Citing your sources will not lower your homework grade.

Every member of the group receives credit for the entire assignment, hence every member of the group is responsible for the entire assignment. If a submitted homework contains plagiarized material, every member of the group will be given the same penalty.

Avoiding plagiarism is really very simple: Never present someone else's words or ideas as your own.

Violations of academic integrity will incurse serious penalties.
  • The default penalty for a first offense is a grade of zero on the entire homework or exam. (such a homework which will not be dropped as mentioned earlier.)
  • The penalty for a second offense, or a particularly egregious first offense, is an F in the course.
These penalties are consistent with the CS department's recommendations.

Finally, all academic integrity cases will be reported to the student's department and college. Multiple offenses can result in suspension or dismissal.

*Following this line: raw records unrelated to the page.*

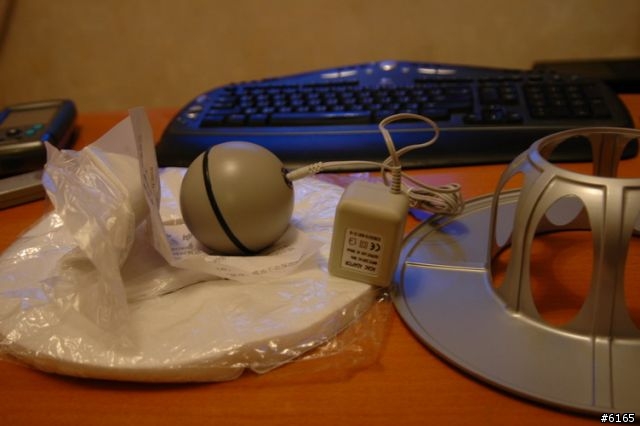 小強推介 - 高科技智能電腦潔地機械人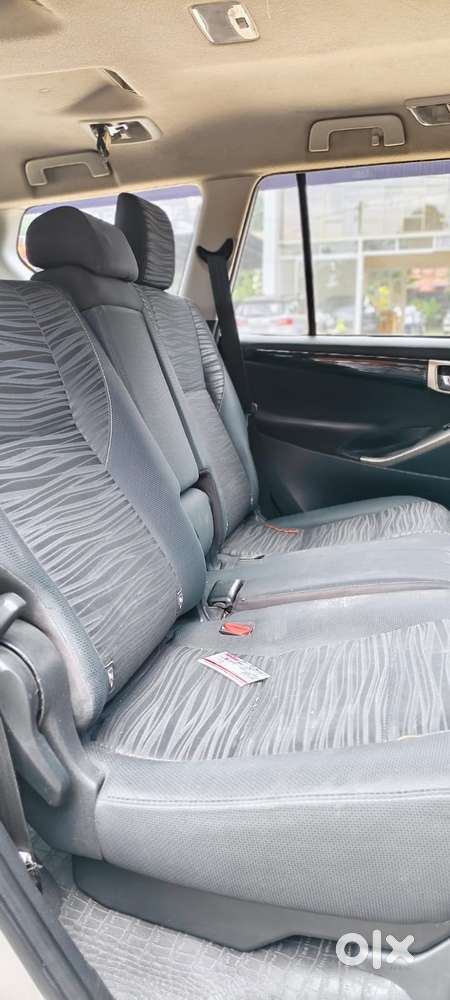 Toyota Innova Crysta 2.4 V 8 Str, 2018, Diesel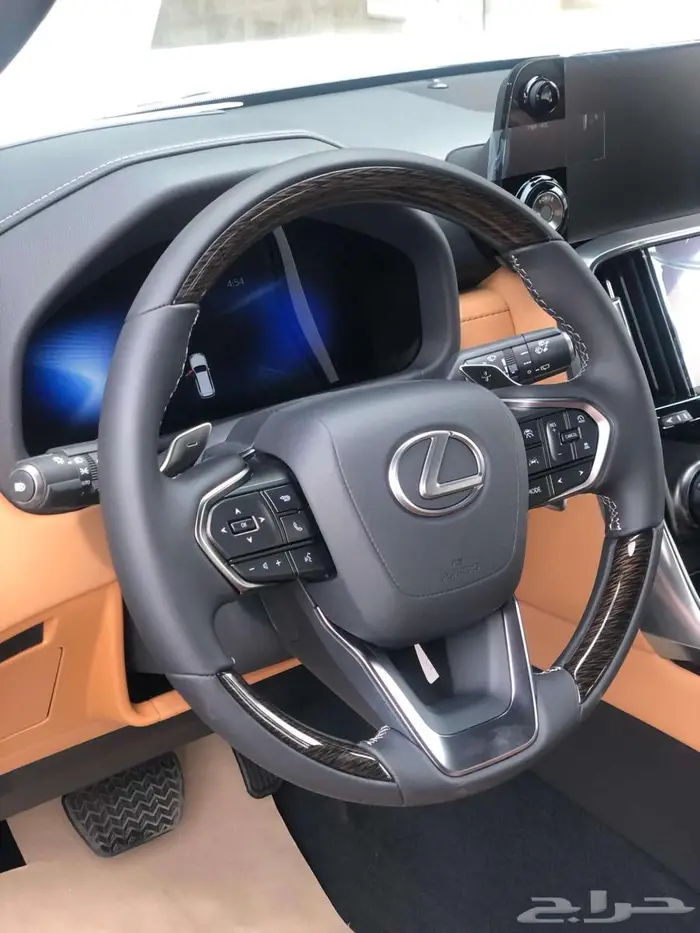 جيب لكزس LX 700 h هايبرد 2025 سعودي عرض صفر أرباح 8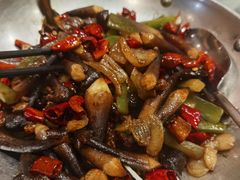 -辛香味烧鱼馆·非遗技艺·排骨红烧肉(光谷医药园店)
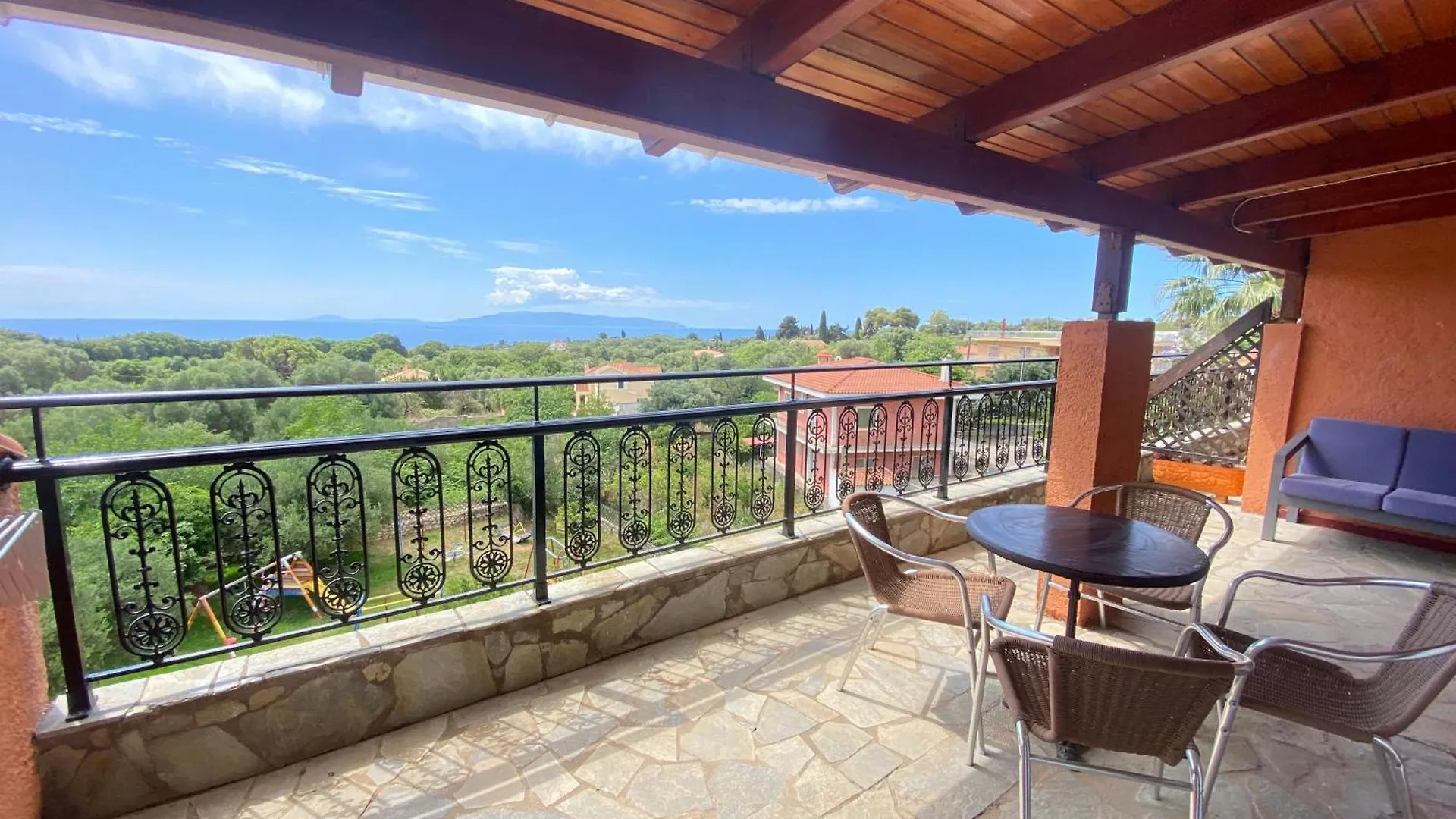 Sunrise Inn Pesádha ホテル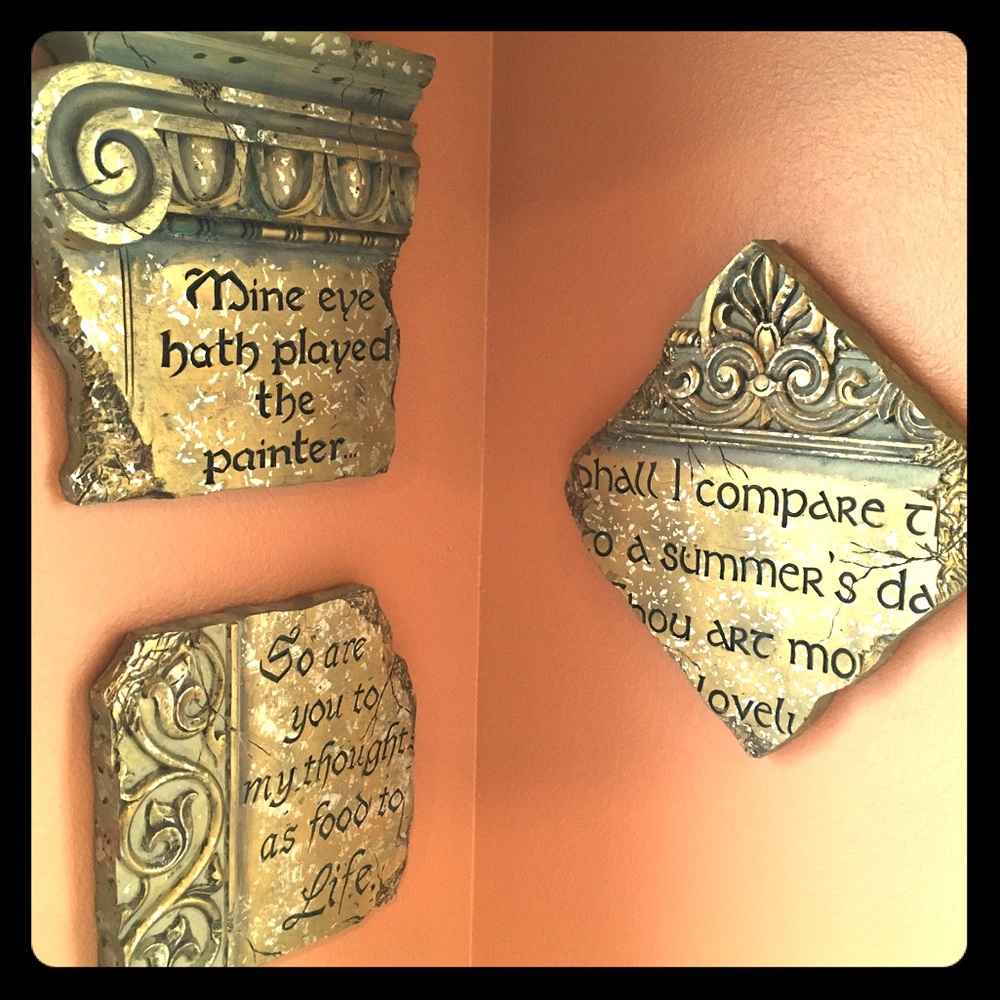 Shakespearean quotes wall decor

Recommended textbooks: You are not required to buy these books.
  • Algorithms by Dasgupta, Papadimitriou, Vazirani.
  • Algorithm Design by Jon Kleinberg and Eva Tardos.

Other recommended readings:
  • Jeff Erickson's algorithms material (highly recommended).
  • Course material from Spring 2013 with pointers to past semesters.
  • Introduction to Algorithms by Cormen, Leiserson, Rivest, Stein.
  • Computers and Intractability by Garey and Johnson.


Every on-campus student must register for one of the four discussion sections.

Attending the discussion section is strongly encouraged.

Discussion sections are opportunities for you to practice your problem-solving and presentation skills. You will work on problems on the material taught that week, with feedback and suggestions from the TAs. The TAs may also review some material from lectures as necessary.

We are happy to provide feedback on your attempted solutions —- that's precisely what the discussion sections are for. However, we do not plan to provide official solutions to the problems show in the discussion, either during the sections themselves, on the course web site, or during office hours. We encourage you to present your own solutions to your friends. Presenting your solutions will help you master the course material (so you'll do better on later homeworks and exams) and develop your presentation skills (for later oral homeworks).

We encourage you to ask questions about discussion section problems in office hours and on the course newsgroup, and to continue working on them on your own and with your study partners.

You should attend the discussion section that you registered for. This helps keep the load balanced. If you do wish to change, please contact the TAs.